* **What is needed**: Reproduce the full set of records that follow, exactly as shown.

** Opening Input records block **

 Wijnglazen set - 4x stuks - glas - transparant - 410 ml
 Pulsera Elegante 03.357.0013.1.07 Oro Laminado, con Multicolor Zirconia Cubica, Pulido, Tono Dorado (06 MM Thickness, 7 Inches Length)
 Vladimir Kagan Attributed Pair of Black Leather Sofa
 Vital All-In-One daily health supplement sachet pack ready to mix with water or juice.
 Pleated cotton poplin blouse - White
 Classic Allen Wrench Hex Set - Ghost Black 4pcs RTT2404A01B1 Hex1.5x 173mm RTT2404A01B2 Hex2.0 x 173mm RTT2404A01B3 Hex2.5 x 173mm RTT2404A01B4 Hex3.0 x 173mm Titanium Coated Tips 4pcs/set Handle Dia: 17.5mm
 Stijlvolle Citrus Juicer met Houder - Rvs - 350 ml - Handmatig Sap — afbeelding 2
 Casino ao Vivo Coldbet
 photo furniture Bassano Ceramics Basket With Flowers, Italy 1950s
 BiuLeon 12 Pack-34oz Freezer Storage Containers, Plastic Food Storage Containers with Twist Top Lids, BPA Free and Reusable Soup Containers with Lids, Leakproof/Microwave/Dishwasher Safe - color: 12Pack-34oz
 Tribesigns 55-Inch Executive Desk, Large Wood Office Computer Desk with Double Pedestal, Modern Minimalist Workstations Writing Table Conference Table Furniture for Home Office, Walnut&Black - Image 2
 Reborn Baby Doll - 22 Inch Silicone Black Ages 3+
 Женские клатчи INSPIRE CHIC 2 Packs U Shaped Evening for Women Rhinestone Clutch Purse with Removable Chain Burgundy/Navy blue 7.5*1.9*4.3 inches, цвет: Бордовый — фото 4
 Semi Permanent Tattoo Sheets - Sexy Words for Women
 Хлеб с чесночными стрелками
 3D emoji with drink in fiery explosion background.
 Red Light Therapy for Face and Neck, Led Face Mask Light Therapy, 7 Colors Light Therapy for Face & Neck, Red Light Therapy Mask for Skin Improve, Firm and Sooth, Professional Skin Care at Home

** Closing Input records block **

* **Answer to this task**:
 Wijnglazen set - 4x stuks - glas - transparant - 410 ml
 Pulsera Elegante 03.357.0013.1.07 Oro Laminado, con Multicolor Zirconia Cubica, Pulido, Tono Dorado (06 MM Thickness, 7 Inches Length)
 Vladimir Kagan Attributed Pair of Black Leather Sofa
 Vital All-In-One daily health supplement sachet pack ready to mix with water or juice.
 Pleated cotton poplin blouse - White
 Classic Allen Wrench Hex Set - Ghost Black 4pcs RTT2404A01B1 Hex1.5x 173mm RTT2404A01B2 Hex2.0 x 173mm RTT2404A01B3 Hex2.5 x 173mm RTT2404A01B4 Hex3.0 x 173mm Titanium Coated Tips 4pcs/set Handle Dia: 17.5mm
 Stijlvolle Citrus Juicer met Houder - Rvs - 350 ml - Handmatig Sap — afbeelding 2
 Casino ao Vivo Coldbet
 photo furniture Bassano Ceramics Basket With Flowers, Italy 1950s
 BiuLeon 12 Pack-34oz Freezer Storage Containers, Plastic Food Storage Containers with Twist Top Lids, BPA Free and Reusable Soup Containers with Lids, Leakproof/Microwave/Dishwasher Safe - color: 12Pack-34oz
 Tribesigns 55-Inch Executive Desk, Large Wood Office Computer Desk with Double Pedestal, Modern Minimalist Workstations Writing Table Conference Table Furniture for Home Office, Walnut&Black - Image 2
 Reborn Baby Doll - 22 Inch Silicone Black Ages 3+
 Женские клатчи INSPIRE CHIC 2 Packs U Shaped Evening for Women Rhinestone Clutch Purse with Removable Chain Burgundy/Navy blue 7.5*1.9*4.3 inches, цвет: Бордовый — фото 4
 Semi Permanent Tattoo Sheets - Sexy Words for Women
 Хлеб с чесночными стрелками
 3D emoji with drink in fiery explosion background.
 Red Light Therapy for Face and Neck, Led Face Mask Light Therapy, 7 Colors Light Therapy for Face & Neck, Red Light Therapy Mask for Skin Improve, Firm and Sooth, Professional Skin Care at Home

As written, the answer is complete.